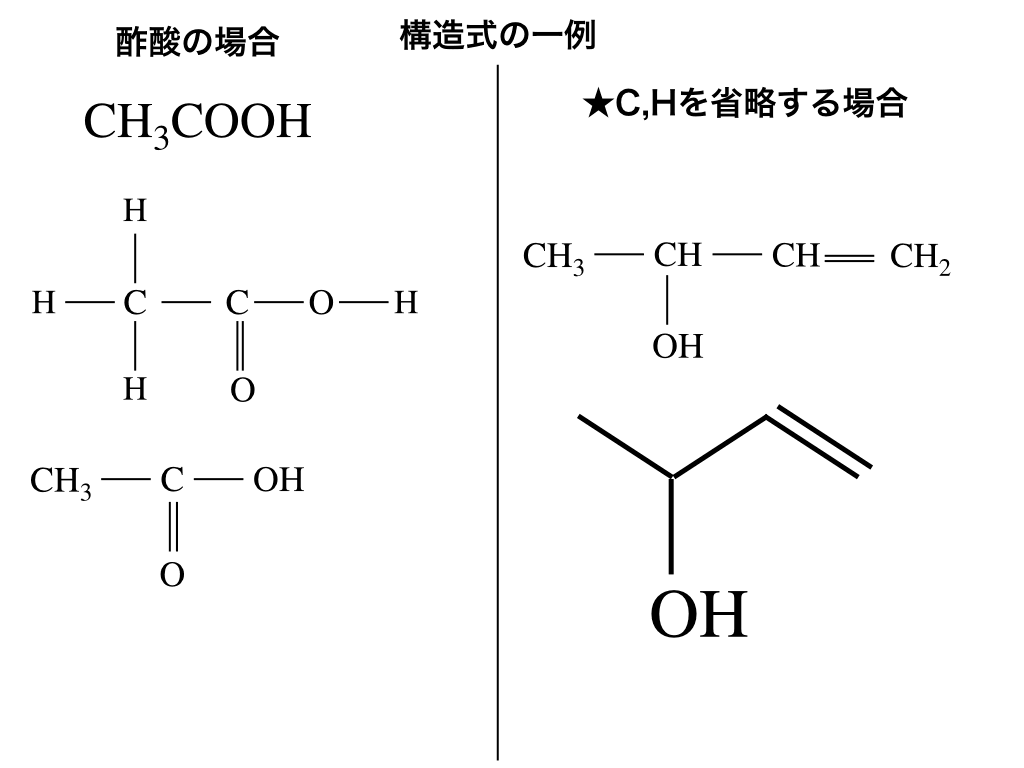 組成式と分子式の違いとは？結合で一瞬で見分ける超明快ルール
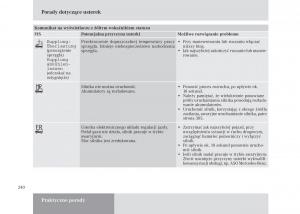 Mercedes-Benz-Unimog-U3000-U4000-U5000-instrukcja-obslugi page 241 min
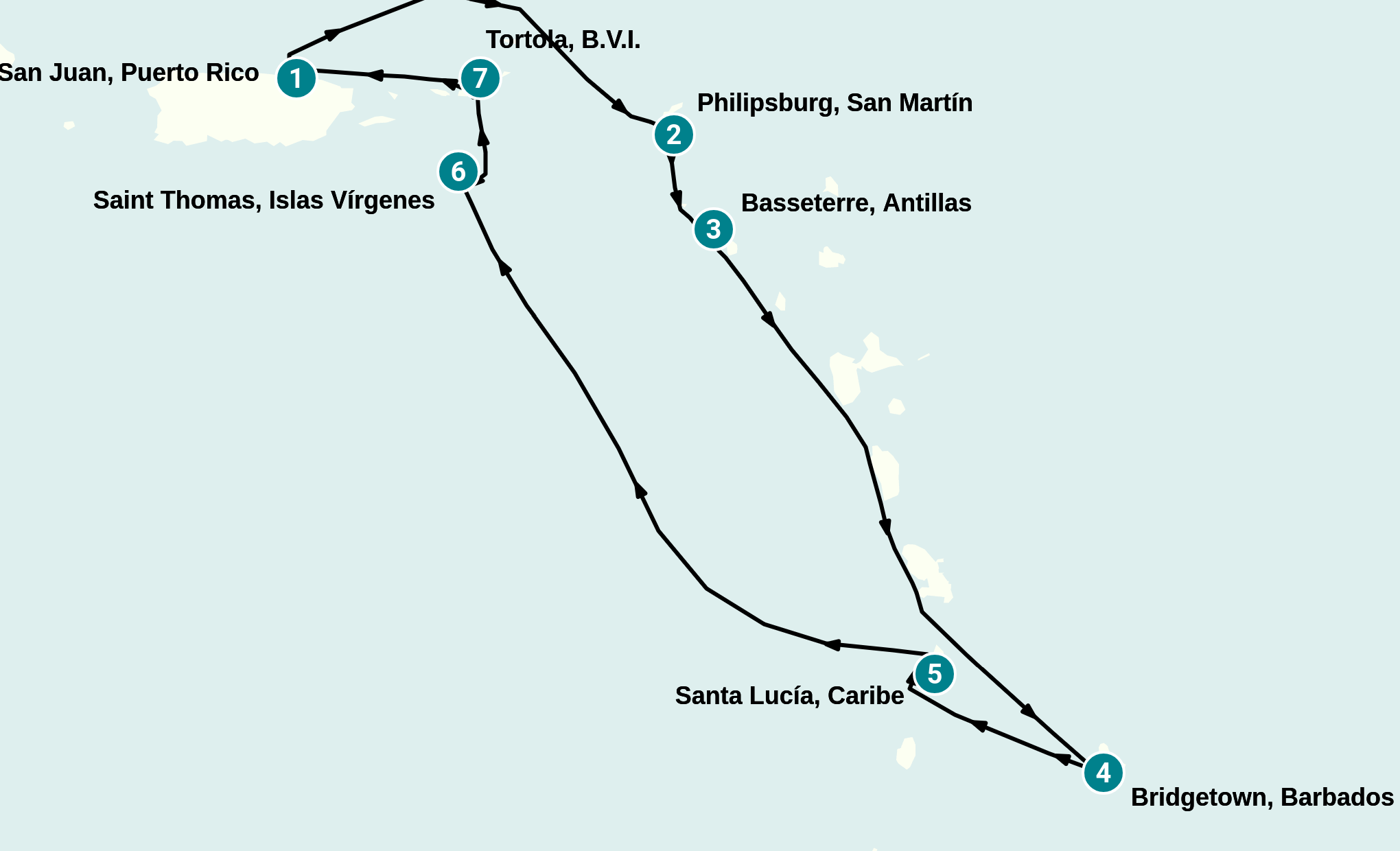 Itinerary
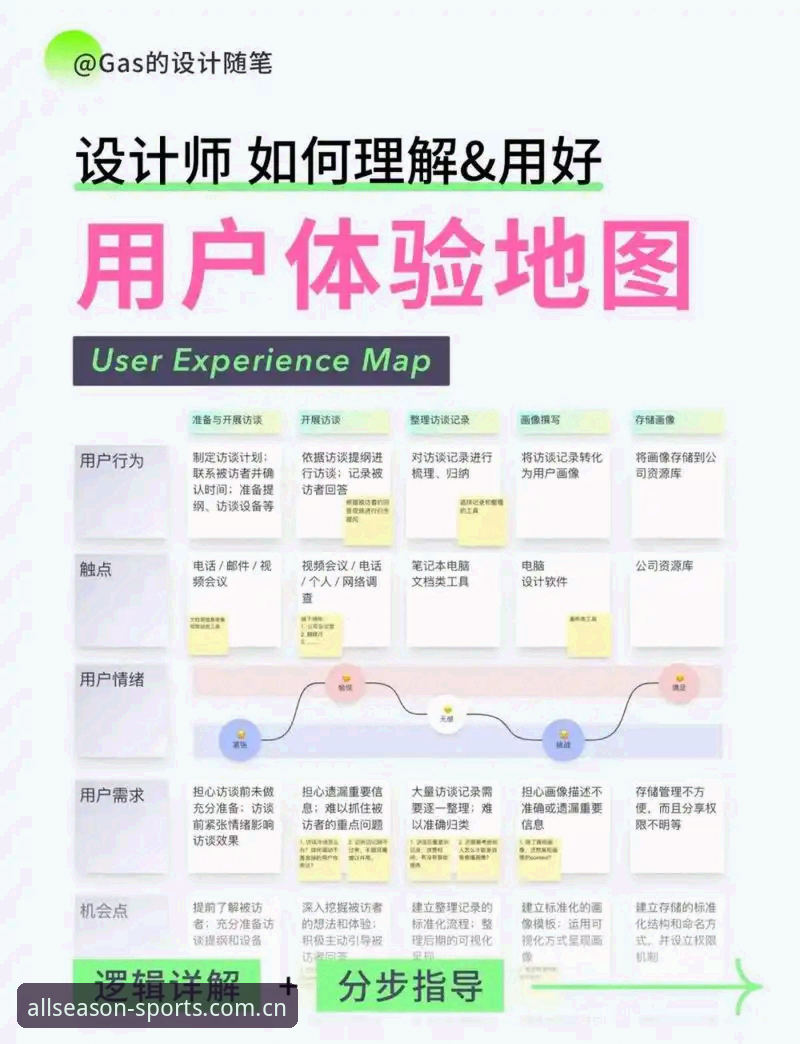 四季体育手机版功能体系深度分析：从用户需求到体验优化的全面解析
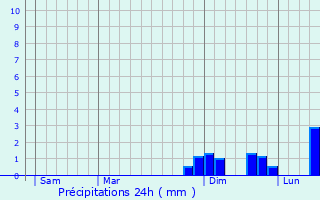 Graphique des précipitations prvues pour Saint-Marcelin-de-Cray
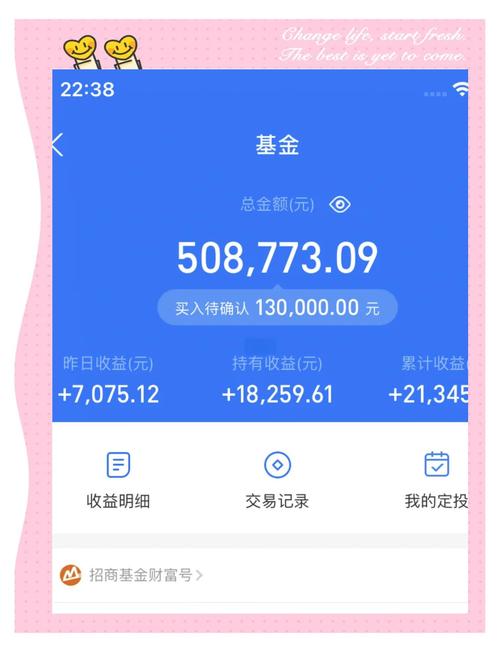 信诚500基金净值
============================================================
Reproduce the listing exactly, images omitted.

SOLVED PROBLEM -
 組成式と分子式の違いとは？結合で一瞬で見分ける超明快ルール
 Mercedes-Benz-Unimog-U3000-U4000-U5000-instrukcja-obslugi page 241 min
 Itinerary
 四季体育手机版功能体系深度分析：从用户需求到体验优化的全面解析
 Graphique des précipitations prvues pour Saint-Marcelin-de-Cray
 信诚500基金净值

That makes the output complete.